How many partners is too many?
Posted January 24, 2007 by hypatia 2007Categories: love, polyamory, sex, swinging
Do you have views on this question? Is the number different for a man than for a woman? If so why?
And do we mean how many partners “at once” or in the course of a lifetime?
See there’s a conversation going on over at a friends blog. I’d usually name who but I don’t know if she would be offended by my linking to her from here so I’m erring on the side of caution.
(Blog-friend, if you drop by here somehow and are quite happy for the link let me know and then consider it done.)
Anyway…
The question being asked was “how many partner’s are too many?”
It made me laugh a bit. First because the conversation concerned a friend of her’s who has fallen head over heels for a new man. So the friend and her new fella have the “numbers” conversation. You know…the “how many have you slept with?”
And this friend was a bit freaked because her new man has had 20 partners. She thought this didn’t fit the image she had of him. She thought it was rather a lot.
My reaction was “20? that’s not many?”
So how many is too much?
My husband and I happened to count the other day just the number of partners we had since we got together! I’m not going to tell you the number.
But it got me thinking. Do number’s really matter?
Surely it’s attitudes that are more important?
I person could have had one lover but treated them like crap. Does that mean they are okay because the number is low?
Given that few people are expected to be virgins on their wedding night (and thank heavens that’s the case) does a big number or a little number really mean so much?
One of the things I have found from being in an open relationship is how much you can grow as a person through being intimate with someone else.
I have a kind of awkward to explain attitude towards sex but I’ll try my best.
On the one hand. It’s just a pleasurable act. It feels good. Good sex feels great.
On the other it is a big deal. I could even say almost spiritual. Its the closest you can physically get to another human being and that is pretty awesome. Add orgasms into the equation (which I would inevitably endeavour for) and it gets even more incredible. The perceived connection is intense. Whether you have known that other person for five years or five minutes.
What I guess I’m trying to say is…
It can be as meaningful or as meaningless as you decide it to be.
The only real difference between polyamory and monogamy for us as a couple is that we have made a decision that there is so much more to our marriage than just sex.
There are many ways my husband or I could betray our marriage but for us having sex with someone else isn’t one of them.
That’s not to say that our previous sexual experiences aren’t in anyway important to our marriage.
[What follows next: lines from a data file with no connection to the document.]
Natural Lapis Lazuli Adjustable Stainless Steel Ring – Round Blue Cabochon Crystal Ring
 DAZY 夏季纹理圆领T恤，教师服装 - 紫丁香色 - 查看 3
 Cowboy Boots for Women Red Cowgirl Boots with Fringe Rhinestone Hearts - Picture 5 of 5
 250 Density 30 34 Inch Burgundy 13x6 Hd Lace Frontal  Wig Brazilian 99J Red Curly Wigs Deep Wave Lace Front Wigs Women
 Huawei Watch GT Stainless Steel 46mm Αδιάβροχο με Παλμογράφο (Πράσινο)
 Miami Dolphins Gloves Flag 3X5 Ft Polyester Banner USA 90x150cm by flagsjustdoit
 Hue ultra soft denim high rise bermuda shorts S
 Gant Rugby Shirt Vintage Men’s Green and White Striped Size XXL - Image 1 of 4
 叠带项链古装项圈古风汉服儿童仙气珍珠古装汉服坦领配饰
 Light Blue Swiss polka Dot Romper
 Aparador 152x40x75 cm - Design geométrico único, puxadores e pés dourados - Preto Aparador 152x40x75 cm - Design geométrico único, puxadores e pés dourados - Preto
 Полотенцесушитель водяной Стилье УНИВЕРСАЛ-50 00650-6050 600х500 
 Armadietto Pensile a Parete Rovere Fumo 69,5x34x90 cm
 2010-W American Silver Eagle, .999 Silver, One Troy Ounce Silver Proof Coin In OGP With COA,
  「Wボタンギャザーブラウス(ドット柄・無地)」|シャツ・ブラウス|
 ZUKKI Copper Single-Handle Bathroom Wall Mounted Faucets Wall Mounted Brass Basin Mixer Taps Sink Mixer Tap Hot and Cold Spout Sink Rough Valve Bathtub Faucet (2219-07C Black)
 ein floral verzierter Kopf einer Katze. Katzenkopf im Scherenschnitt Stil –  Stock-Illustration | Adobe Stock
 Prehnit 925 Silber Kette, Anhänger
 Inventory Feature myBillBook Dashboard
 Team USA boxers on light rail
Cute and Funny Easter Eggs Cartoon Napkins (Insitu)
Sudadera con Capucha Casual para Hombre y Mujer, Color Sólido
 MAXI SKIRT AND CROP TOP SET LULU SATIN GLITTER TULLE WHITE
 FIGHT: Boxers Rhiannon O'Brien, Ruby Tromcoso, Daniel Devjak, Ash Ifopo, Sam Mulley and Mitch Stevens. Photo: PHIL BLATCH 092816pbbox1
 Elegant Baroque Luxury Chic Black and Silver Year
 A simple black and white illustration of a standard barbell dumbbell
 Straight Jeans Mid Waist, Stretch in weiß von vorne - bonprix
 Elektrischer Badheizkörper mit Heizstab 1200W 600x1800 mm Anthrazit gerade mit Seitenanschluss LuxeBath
They are. Each sexual encounter in a persons life can bring baggage as well as fond memories.
But the way I see it, so long as my friends new couple realise that whatever their numbers its their whole life experience that has made them who they are.
And that includes their sexual history.
So maybe they should stop worrying about the numbers and just embrace that as part of the person they’ve fallen in love with?
Of course…if she means how many partners are too many all at the one time?
Well that’s probably whole post in itself.